Taiwan non-governmental organizations (NGOs) have shown their concern worldwide. This was especially evident during the Tsunami event in the Pacific, and in earthquake disasters in other countries (eg. El Salvador), sending rescue teams specialized in disaster evacuation. In addition to the disaster events, Taiwan continues to visit third world countries that lack medical facilities and resources providing tons of medical supplies and medical assistance at their own expense.
WHO needs TAIWAN
Taiwan is committed to contributing its resources and experience in the health field. The global community would be richer for accepting Taiwan as an equal partner and member of the WHO. Taiwan has much to offer, it also is entitled to equal protection under the WHO system. Taiwan has an excellent history of dealing with malaria, successfully eradicating it as early as 1965. It could be a strong partner in the areas such as the continent of Africa, where malaria continues to cause untold numbers of deaths each year. Taiwan has already contributed significantly to the Global fund to fight HIV/AIDS, tuberculosis, and malaria.

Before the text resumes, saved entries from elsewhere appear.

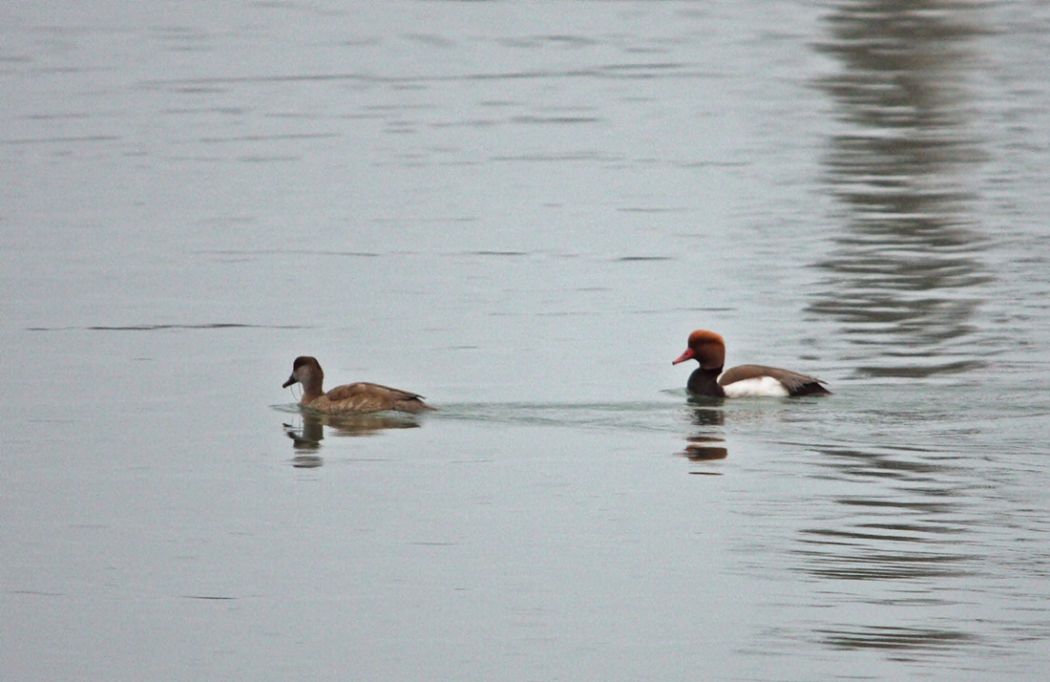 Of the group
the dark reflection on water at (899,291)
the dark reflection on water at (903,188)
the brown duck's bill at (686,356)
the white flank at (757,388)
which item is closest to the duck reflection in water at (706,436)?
the white flank at (757,388)

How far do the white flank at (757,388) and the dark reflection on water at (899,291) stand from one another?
0.75m

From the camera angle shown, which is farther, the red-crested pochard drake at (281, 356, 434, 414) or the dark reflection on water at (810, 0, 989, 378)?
the dark reflection on water at (810, 0, 989, 378)

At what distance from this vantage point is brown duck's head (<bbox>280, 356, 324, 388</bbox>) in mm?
15875

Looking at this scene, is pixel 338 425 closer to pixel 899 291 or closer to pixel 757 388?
pixel 757 388

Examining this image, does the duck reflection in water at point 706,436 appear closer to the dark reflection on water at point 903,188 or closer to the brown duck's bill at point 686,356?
the brown duck's bill at point 686,356

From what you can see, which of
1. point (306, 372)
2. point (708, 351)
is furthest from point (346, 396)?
point (708, 351)

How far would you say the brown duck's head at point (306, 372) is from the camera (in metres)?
15.9

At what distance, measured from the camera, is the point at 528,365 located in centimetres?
1698

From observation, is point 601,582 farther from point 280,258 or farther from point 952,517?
point 280,258

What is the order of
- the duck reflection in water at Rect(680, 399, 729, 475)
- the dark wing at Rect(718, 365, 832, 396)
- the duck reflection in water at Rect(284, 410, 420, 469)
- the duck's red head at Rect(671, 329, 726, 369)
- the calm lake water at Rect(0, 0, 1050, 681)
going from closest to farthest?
1. the calm lake water at Rect(0, 0, 1050, 681)
2. the duck reflection in water at Rect(680, 399, 729, 475)
3. the duck reflection in water at Rect(284, 410, 420, 469)
4. the dark wing at Rect(718, 365, 832, 396)
5. the duck's red head at Rect(671, 329, 726, 369)

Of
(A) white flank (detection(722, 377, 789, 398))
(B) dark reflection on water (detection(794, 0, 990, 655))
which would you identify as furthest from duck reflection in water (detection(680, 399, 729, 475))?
(B) dark reflection on water (detection(794, 0, 990, 655))

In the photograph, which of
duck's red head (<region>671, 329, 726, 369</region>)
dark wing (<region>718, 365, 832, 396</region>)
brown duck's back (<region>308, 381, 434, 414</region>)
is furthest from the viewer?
duck's red head (<region>671, 329, 726, 369</region>)

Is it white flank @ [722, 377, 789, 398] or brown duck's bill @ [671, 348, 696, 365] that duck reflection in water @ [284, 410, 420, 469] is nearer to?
brown duck's bill @ [671, 348, 696, 365]

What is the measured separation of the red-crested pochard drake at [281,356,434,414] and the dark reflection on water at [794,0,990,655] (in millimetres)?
2993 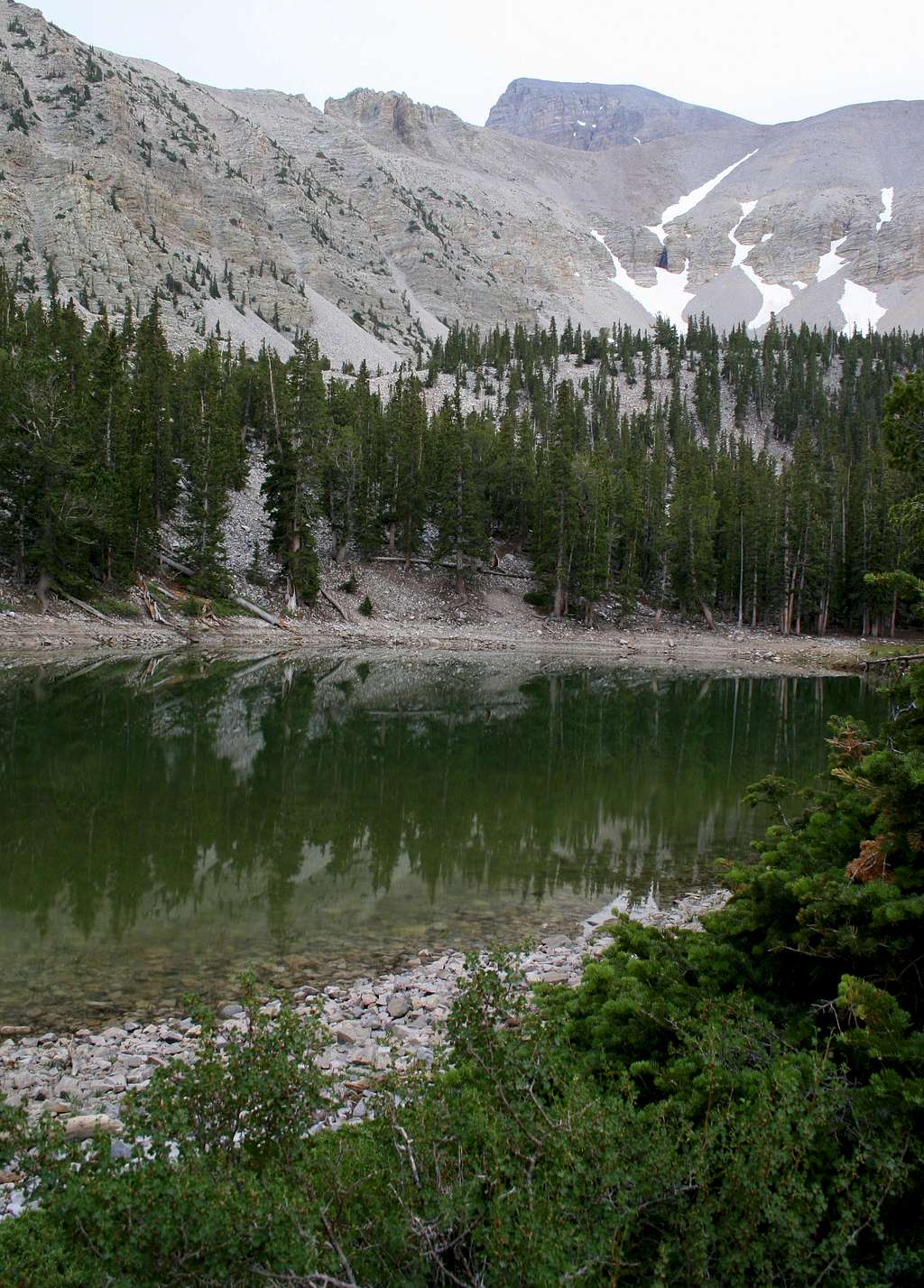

Taiwan is at the crossroads of large trade economies in Asia. With large numbers of tourists coming and going throughout its cities, the danger continues to be a recipient or a conduit of global diseases. Being a member of WHO, Taiwan could be a point of early detection of infectious diseases of epidemic proportions. With the enormous potential of avian flu in the region, with the estimated pandemic of between 2 to 50 million deaths, and the outbreak of enterovirus 71 (EV-71) in China and the current concern for H1N1 virus in Mexico. It would seem that being allowed to be a working member of WHO would have an advantage for everyone.
Please support Taiwan to join WHO as a member to fulfill health for the whole world!